Emerging markets have been able to withstand the financial shocks and economic slowdown emanating from advanced economies. In Asia, there has been a pick-up in economic activity in early 2012, following last year’s slowdown. However, if the situation of the advanced economies were to worsen, there could be a withdrawal of credit and cross-border lending, a sudden reversal of capital flows, and exports to advanced economies could experience a further sharp fall. As food and commodity prices have eased, inflation is not expected to be an issue, but policymakers have to remain watchful and act should signs of inflation return.

Implementing global financial reforms

Financial institutions operate across borders in a global marketplace. Financial regulators and supervisors operate very much nationally and regulations stop at the border. At the national level, regulators may not have a holistic picture or full understanding of the operations of financial institutions if they operate across financial markets. The global financial crisis brought to light regulatory gaps and the lack of oversight of macro-prudential and systemic risks. Global financial reforms address the need for a more integrated and holistic approach to regulation and the need for greater co-operation and information sharing among regulators, both nationally and cross-border.
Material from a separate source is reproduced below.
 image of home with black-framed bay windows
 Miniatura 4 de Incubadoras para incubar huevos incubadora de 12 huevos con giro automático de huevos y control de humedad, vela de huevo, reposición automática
The financial system is as strong as the weakest link. Financial regulators have to look beyond their traditional boundaries of regulation and gain an understanding of the changing nature and structure of financial markets and how their risks are interconnected in a global financial market. Equally important is to understand how the plumbing of the financial infrastructure works and how it creates linkages across the network of financial markets.
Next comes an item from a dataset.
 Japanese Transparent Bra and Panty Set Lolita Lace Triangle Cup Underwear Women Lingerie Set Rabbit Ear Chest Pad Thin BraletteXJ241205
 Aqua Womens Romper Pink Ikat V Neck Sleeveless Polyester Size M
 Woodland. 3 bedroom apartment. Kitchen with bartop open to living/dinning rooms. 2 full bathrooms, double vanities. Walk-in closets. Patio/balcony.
Global financial reforms are ongoing and the pace of progress differs depending on the nature and complexity of the issues, legacy issues, philosophical differences and local circumstances. National reform initiatives have advanced ahead, but often resulted in disparate reforms that create potentially conflicting rules and requirements. The challenges are not insurmountable and consensus can be achieved if one accepts that there is no “one size fits all” solution, and a willingness to seek a pragmatic way forward that achieves the desired regulatory outcomes while allowing for domestic circumstances.

It is important that the reforms do not create unintended consequences that increase risk rather than make markets safer, or result in overly burdensome rules that hinder the efficient functioning of markets; a balanced approach is imperative to promote market stability without hindering market development. It is also important that in fixing the last crisis, regulators do not lose sight of existential and emerging risks and issues.

The SFC actively participates in the different work streams of the International Organization of Securities Commissions, the standard setter for international securities regulation, which is an ideal forum for dialogue to address the regulatory issues that have cross-border implications for financial markets and find a pragmatic solution that achieves the desired regulatory outcome. As an international financial centre and the host of global financial institutions, Hong Kong supports the need for a common minimum international standard of regulation that promotes sound market functioning and market stability.The SFC will continue to maintain a robust regulatory framework that adheres to internationally agreed standards of regulation.

Global financial reforms are important and necessary but regulation alone is not sufficient. There is a need for shared discipline and responsibility by all stakeholders, including investors, intermediaries and regulators, to guard against excessive risk-taking and avoid a repeat of a crisis of such severity and magnitude as the global financial crisis.

Enhancing collaboration with mainland China

For the first time, the Mainland’s latest Five-year Plan, released in March 2011, contains a separate chapter on Hong Kong. This signifies the Mainland’s vision for Hong Kong to be an international asset management centre and offshore renminbi centre. It also represents the next important stage of mutual co-operation and collaboration between the two markets to further integrate mainland China with global capital markets and for Hong Kong to continue in its role as the platform for incoming and outgoing capital flows into and from mainland China.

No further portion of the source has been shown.